We were surprised to find that there was no relationship between increased fatigue and reduced habitual physical activity, which is in contrast to other studies.20 We would suggest that this is explained by a ceiling affect in the symptom assessment tools i.e. a relatively low symptom burden leads to significant impact upon physical activity levels. Previous studies have also reported mixed groups of patients with CFS and multiple sclerosis making comparison difficult.

It remains to be determined whether increasing physical activity or targeting autonomic function confers benefits to people with CFS. People with CFS report that physical exertion can make their symptoms worse.37,38 It is important to recognize that sudden and unmonitored increases in physical exertion would be expected to worsen symptoms in debilitated subjects. However, individualized programmes targeting increases in habitual physical activity at often initially a very low level of intensity can lead to benefits for patients.39 It is vital that those with CFS are encouraged to increase their habitual physical activity, as this is a significant environmental factor influencing physical fitness and well-being. Evidence suggests that physical activity helps maintain physical function, delays the onset of disability, reduces mortality and extends life expectancy in normal ageing.14–16 In other fatigue associated diseases (multiple sclerosis), those who participate in regular physical exercise report better fatigue, depression and quality of life scores.40 Combined, the present study highlights the importance of targeting sedentary behaviour and exercise tolerance in CFS. Other studies suggest a benefit of increasing physical activity. The challenge ahead is to understand how these observations can be incorporated into clinical care.

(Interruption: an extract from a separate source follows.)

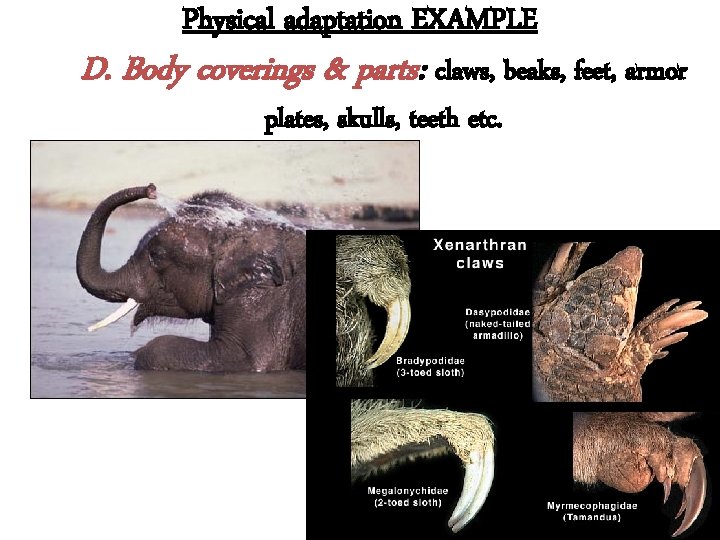 Physical adaptation EXAMPLE D. Body coverings & parts: claws, beaks, feet, armor plates, skulls,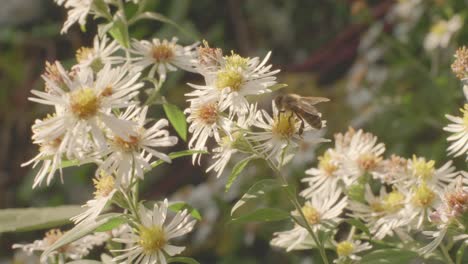 Biene-Bestäubt-Eine-Pflanze-Mit-Blühenden-Weißen-Heideasterblüten-Im-Spätsommer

This study has a number of limitations. Autonomic assessment was not performed in the control population and furthermore a number of the parameters assessed are potentially affected by the motivation of the patient.

In conclusion, the present study suggests that low levels of physical activity represent a significant and potentially modifiable risk factor in CFS. The low levels of physical activity reported in CFS are not attributable to high levels of sedentary activity, rather a decrease in physical activity intensity. The reduction in physical activity can in part be explained by autonomic dysfunction but not fatigue severity.

Funding

The National Institute for Health Research (NIHR) Biomedical Research Centre in Ageing, UK; Myalgic Encephalomyelitis (ME) Research, UK; the John Richardson Research Group and the Irish ME Trust. Diabetes UK and the Medical Research Council (fellowship to M.T.).

Conflict of interest: None declared.

Acknowledgements

The study was reviewed and approved by the Newcastle and North Tyneside Local Research Ethics Committee. The authors acknowledge the funding from ME Research UK, the John Richardson Research Group, the Irish ME Trust and a fellowship from Diabetes UK and the Medical Research Council. The funders did not participate in the analysis of the study results.